As a community we shape our lives through communication with others. We talk to the grocery store cashier and experience his or her life for a moment. We share our own life. We present ourselves and simultaneously mould the other and the self. We take this plastic relationship and create a moment with a multitude of meanings. We create a memory to be recalled or to be stored away within our respective sub-consciousness, a thought which has a communal existence and therefore can alter a community. It is a thought which is expressive of and shaped by a community. It is a Social Sculpture.

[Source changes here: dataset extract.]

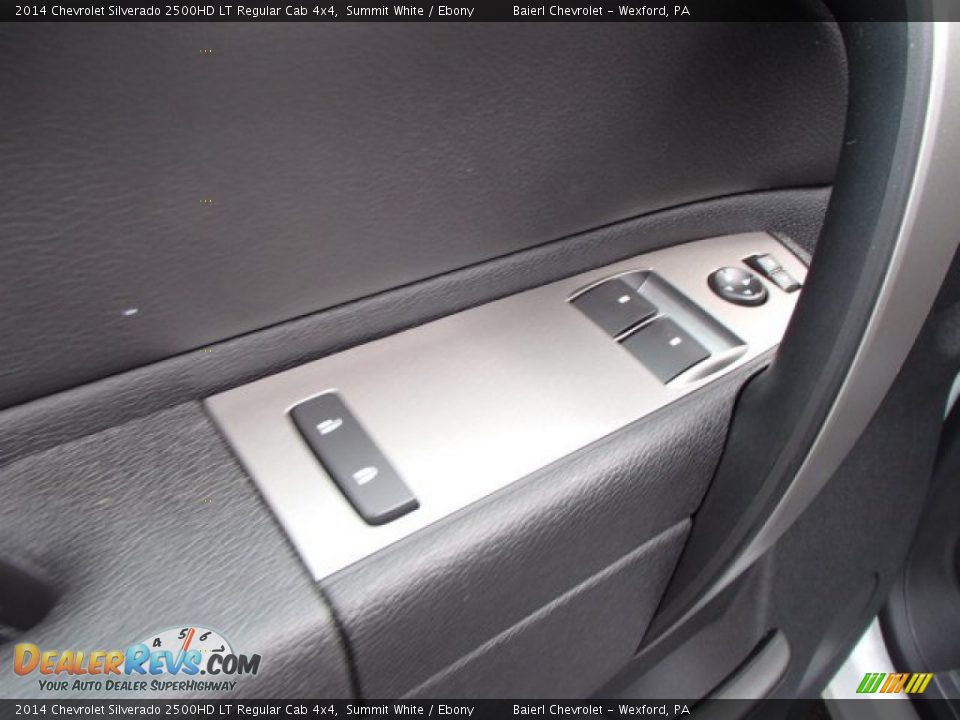 2014 Chevrolet Silverado 2500HD LT Regular Cab 4x4 Summit White / Ebony Photo #13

In between the self and the other there exists a space. A malleable space determined by both the self and the other, by myself and the cashier, by myself and you. It is a space which exists simultaneously as a positive and negative space. It is both the anti-object of communication and isn’t something to be frightened of; it isn’t an area which renders communication impossible or isolates people. It is out of this third space, this space between you and me, that personality comes, that love, hatred and humor arise and cause us to spend an afternoon together. It is because of this area, this Third Sculpture, that you and I understand and have a sense of an other.

As an active participant in our meaning, our community, you and I are each Thinking Sculptures. The verb of Sculpture is to think, to understand and to participate. And yet because we exist within a web of interconnectedness, our active participation is the participation of the whole. It is the everyday fulfillment of an ever changing premise, of our fears, loves, shame and joy. It is the birth and death of banalities, promises and sex.

The Thinking Sculpture is the Third Sculpture is the Social Sculpture.